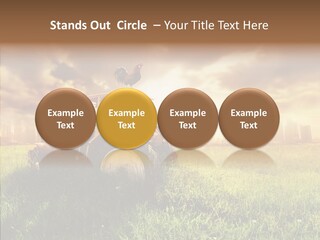 Field Sun Sky PowerPoint Template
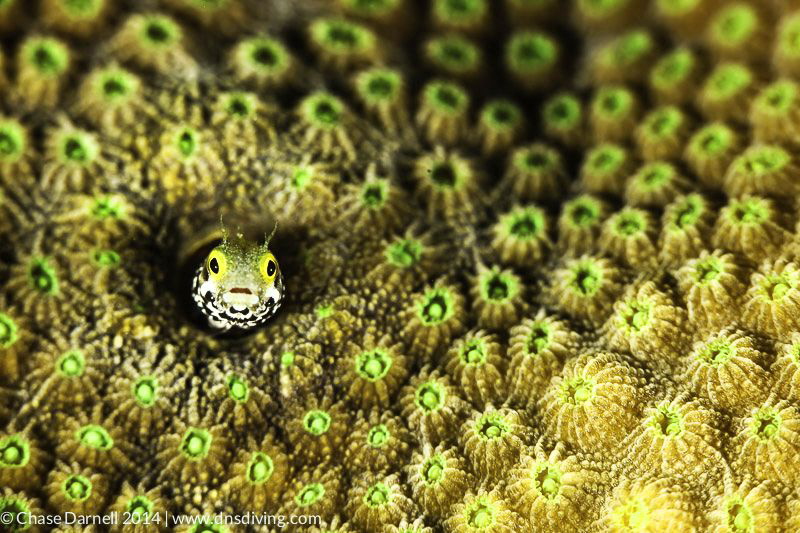 Secretary Blenny with a colorful home by Chase Darnell 
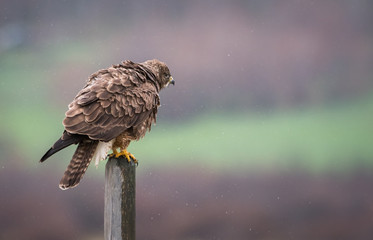 Hawk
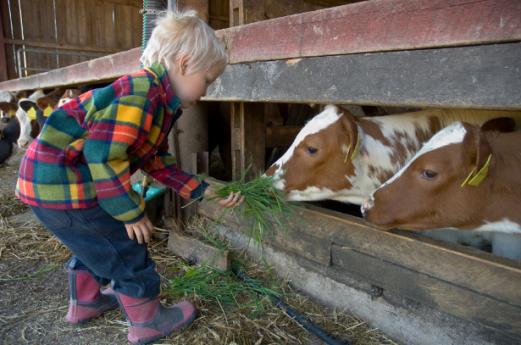 Lodi, domenica in fattoria con tutta la famiglia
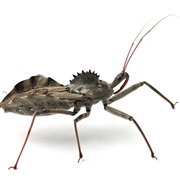 Wheel Bug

Exercise instructions: The expected result is the material restated word for word, minus any picture.

Response box:
 Field Sun Sky PowerPoint Template
 Secretary Blenny with a colorful home by Chase Darnell 
 Hawk
 Lodi, domenica in fattoria con tutta la famiglia
 Wheel Bug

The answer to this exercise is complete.